Task objective >>
Since pictures are not part of the copy, please output only the lines from the one with "Brighter Blooms - Junior" through the end of the data below, exactly as written.

Provided material >>
[Start of Attachment]
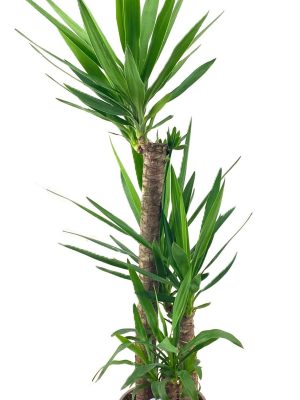 Yucca elephantipes - Vaxtinredarna.se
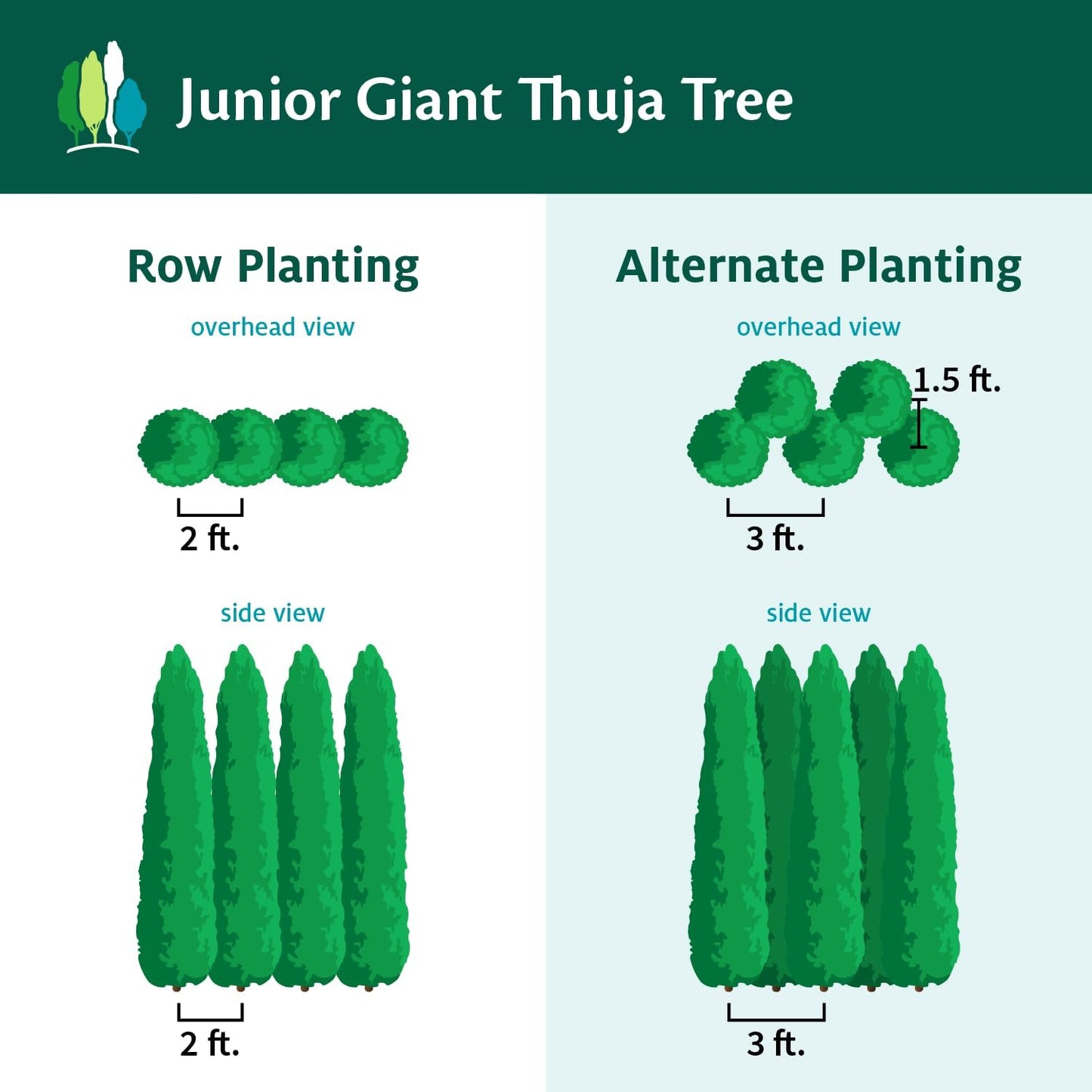 Brighter Blooms - Junior Giant Thuja Tree, 3-4 ft. - No Shipping to AZ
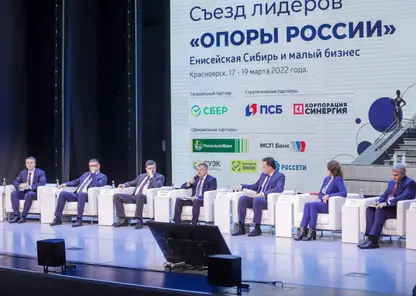 Для социальных предпринимателей Красноярского края появятся новые меры поддержки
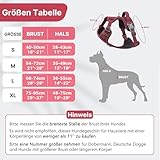 Demigreat Mittleres Hundegeschirr, Anti-Zug-Hundegeschirr mit Weich Gepolstertem Griff für das Training Beim Spazierengehen, Verstellbar, Reflektierend, für Kleine, Mittlere und große Hunde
[End of Attachment]
Completed task >>
 Brighter Blooms - Junior Giant Thuja Tree, 3-4 ft. - No Shipping to AZ
 Для социальных предпринимателей Красноярского края появятся новые меры поддержки
 Demigreat Mittleres Hundegeschirr, Anti-Zug-Hundegeschirr mit Weich Gepolstertem Griff für das Training Beim Spazierengehen, Verstellbar, Reflektierend, für Kleine, Mittlere und große Hunde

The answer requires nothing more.